Using our holly wreath piecrust cutter results in a pie that’s pretty enough to play a starring role on your holiday table. If you like ginger, add 1/2 tsp. ground ginger along with the cinnamon. Sprinkling a bit of turbinado or other coarse sugar on the top crust after brushing it with the egg wash will add a little bit of sparkle and crunch to your pie.
1/2 cup (4 oz./125 g) granulated sugar
1/2 cup (4 oz./125 g) firmly packed brown sugar
Grated zest and juice of 1 lemon
1 tsp. cinnamon
1/2 tsp. salt
1/4 cup (1 oz./30 g) cornstarch
4 cups (1 lb./500 g) fresh or thawed frozen cranberries
2 lb. (1 kg) sweet apples such as Fuji, peeled, cored and sliced
1 tsp. vanilla extract
2 rolled-out rounds basic pie dough
1 egg beaten with 1 tsp. heavy cream
To prepare the filling, in a bowl, whisk together both sugars, the lemon zest, cinnamon, salt and cornstarch. Add the cranberries and apples and toss until the fruit is well coated. Stir in the lemon juice and vanilla. Let sit at room temperature for 30 minutes to 1 hour.
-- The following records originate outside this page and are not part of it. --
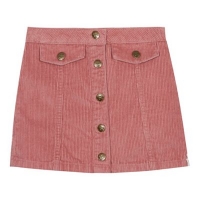 Debenhams  Mantaray - Girls pink corduroy skirt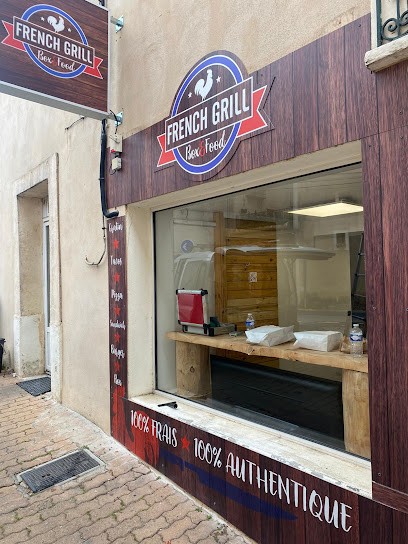 French Grill, Restaurant à Montarnaud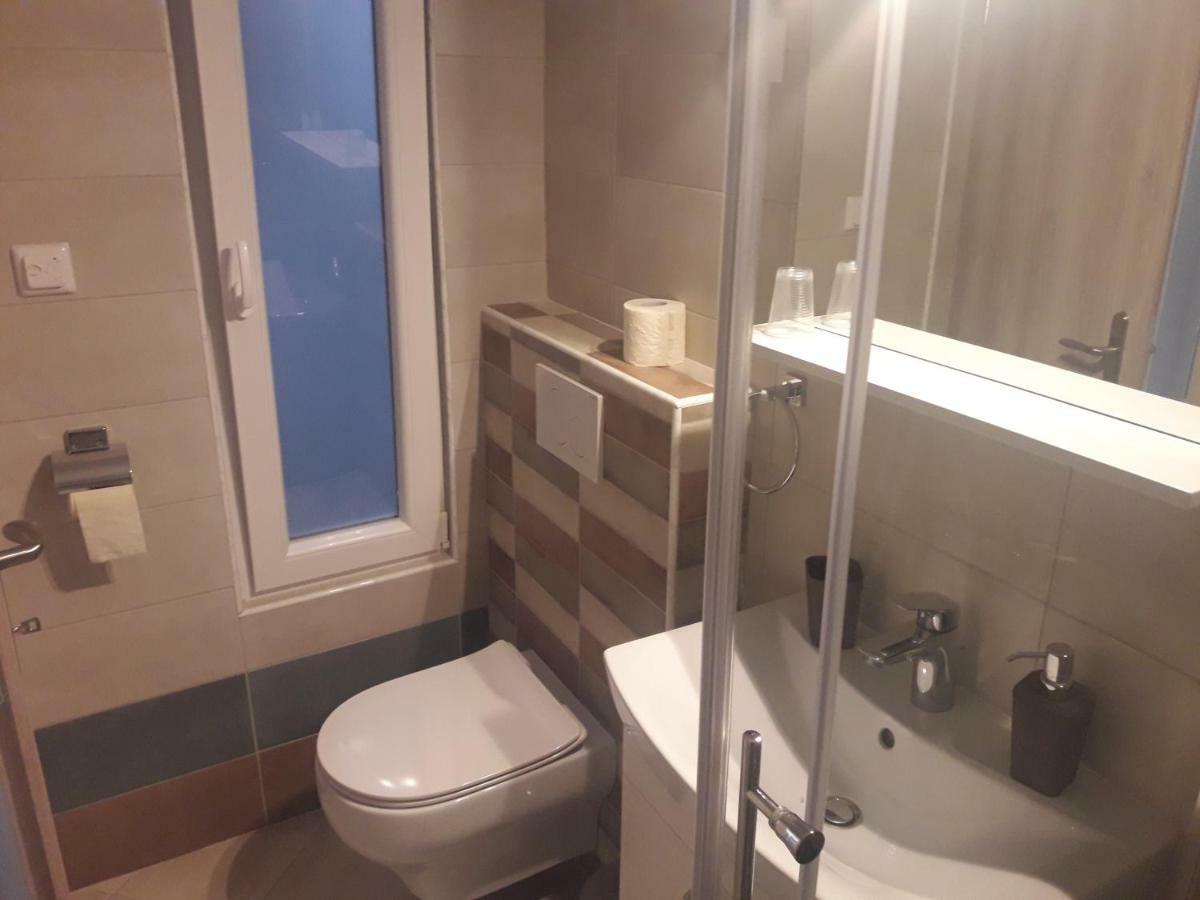 Apartments Ogrin Portorož Eksteriør bilde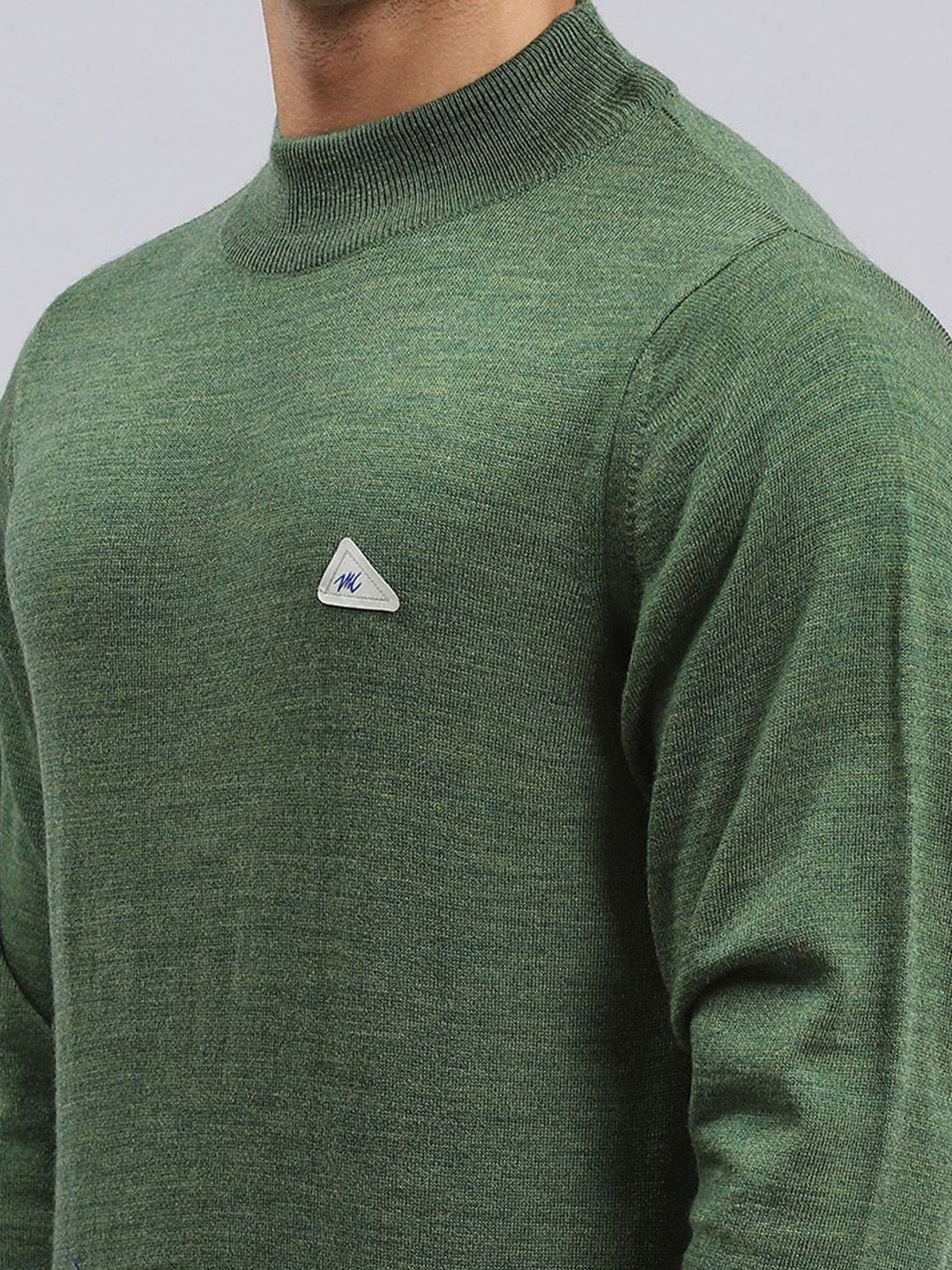 Monte Carlo Men Woollen Pullover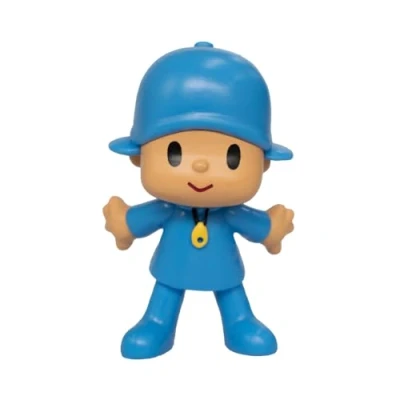 Imagen de Yolanda Comansi Y99166 Figura Pocoyo Bracitos Abiertos 36m+, Azul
Fit 1 dough round into a 9-inch (23-cm) pie dish and gently press into the dish. Trim the edges flush with the rim. Using a holly wreath piecrust cutter according to the manufacturer’s instructions, cut out the top crust. Refrigerate both crusts for 30 minutes.
Preheat an oven to 400°F (200°F).
Drain the cranberry mixture, discarding the liquid. Pour the cranberry mixture into the prepared pie dish. Place the top crust on the pie, trim the edges flush with the rim and crimp the edges to seal. Brush the pie with egg wash.
Place the pie dish on a baking sheet and bake until the crust is golden brown and the filling has begun to bubble, 50 minutes to 1 hour; check the pie after 30 minutes and cover the top edges with foil if they become too dark. Transfer the pie to a wire rack and let cool at least 1 hour before serving, or refrigerate overnight. Serves 8.